Starke: "There's definitely a camaraderie among the Ivy League schools. They all play hard against one another. But they have a certain bond because they're Ivy League. That makes you different. Most people think it's something to be proud of."

There is another side to the story. Although most people connected with the league say they are delighted with the way the league functions, not all the stories about the league are of success, fame and fortune.

To begin with, interest in the Ivy League has dropped steadily during the 1970s both in terms of attendance and media attention. This season there will only be two crowds of over 30,000. Dartmouth-Cornell, which drew 32,000, and The Game -- Yale-Harvard, which will draw 70,000 on Saturday.

Most Ivy League games draw well under 20,000 and schools like Columbia and Princeton have trouble getting over 10,000 for attendance.

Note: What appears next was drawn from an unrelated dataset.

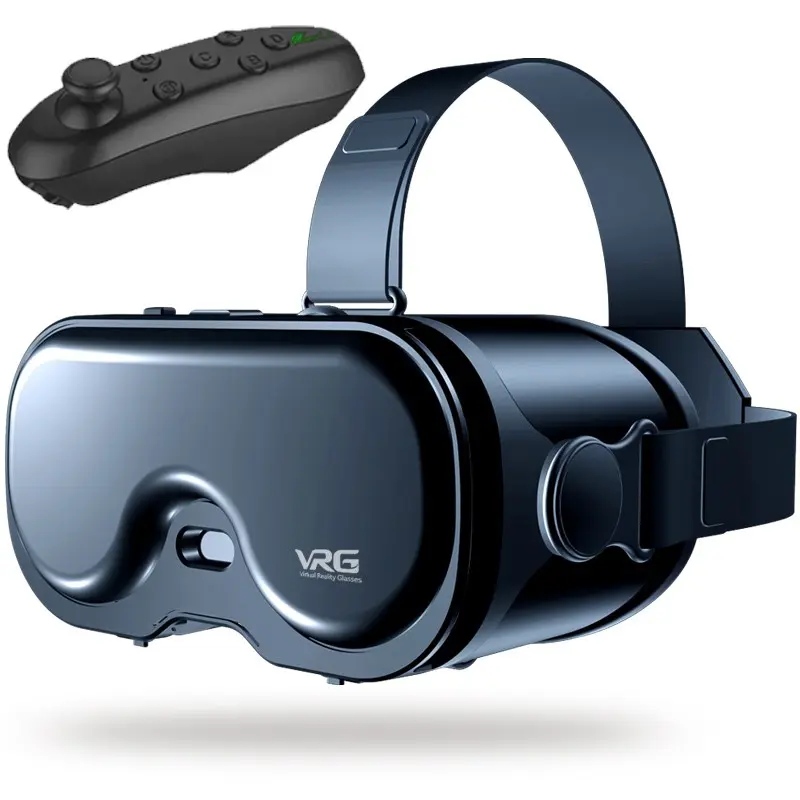 VRG 3D VR Glasses Virtual Reality Headset Goggle Helmet Device Lenses Smart For Cell Phone Mobile Smartphone Viar Realidade Controller game video Viewer Hedset augmented Gogle film gamer joystick Accessories machine movie wearable Set Remote Control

In addition, the quality of the stadiums is not good. Columbia's Baker Field has had its wooden bleachers condemned. Coach Bill Campbell, immensely popular, has already resigned, effective Saturday, after six frustrating seasons. The Yale Bowl is the oldest stadium in the United States; Palmer Stadium is the third oldest.

And, in spite of its "this is only a game" image, winning is as important in the Ivy League as anywhere else. Next year, for the first time, 10 games will be played; big-time opponents are scheduled. At Princeton, Bob Casciola, popular with everyone on campus, was fired two years ago because the Tigers were not winning.

At Harvard, Joe Restic is relatively safe from abuse in spite of a 2-6 season for three reasons: He has an outstanding eight-year record (46-32-2); his team has been riddled by injuries, and he still can salvage the season by upsetting 8-0 Yale on Saturday. But if things don't improve next season, there will be waves on the Charles River.

"To try to pretend that winning isn't important is silly," Kazmaier said. "Of course it's important, Bob Casciola was fired because he didn't win enough. He was given five years. The same will be true of Frank Navarro if he doesn't win.

"People in the Ivy League may keep the game in perspective better than some others. But they don't like to lose. Nobody likes to lose."

Thus, when Yale and Harvard, square off in the Yale Bowl Saturday, the game will be just as intense both on the field and in the stands as Michigan-Ohio State.

But when it is over all the participants will dust themselves off, shake hands and put the rivalry aside for another year. And Ivy League football will go in much the same vein as it has since 1952 when the eight college presidents agreed to drop spring football and all postseason play.

That means outsiders will continue to snicker and Heisman Trophy winners and Top 20 teams probably will remain a thing of the past.

But, as Ryan puts it, "That isn't what Ivy League football is about. Our people understand what it means. To those who play the games and care about the games it has great meaning. It's a unique kind of football which we're proud of.

"Why change for the sake of others? We're happy with what we have here."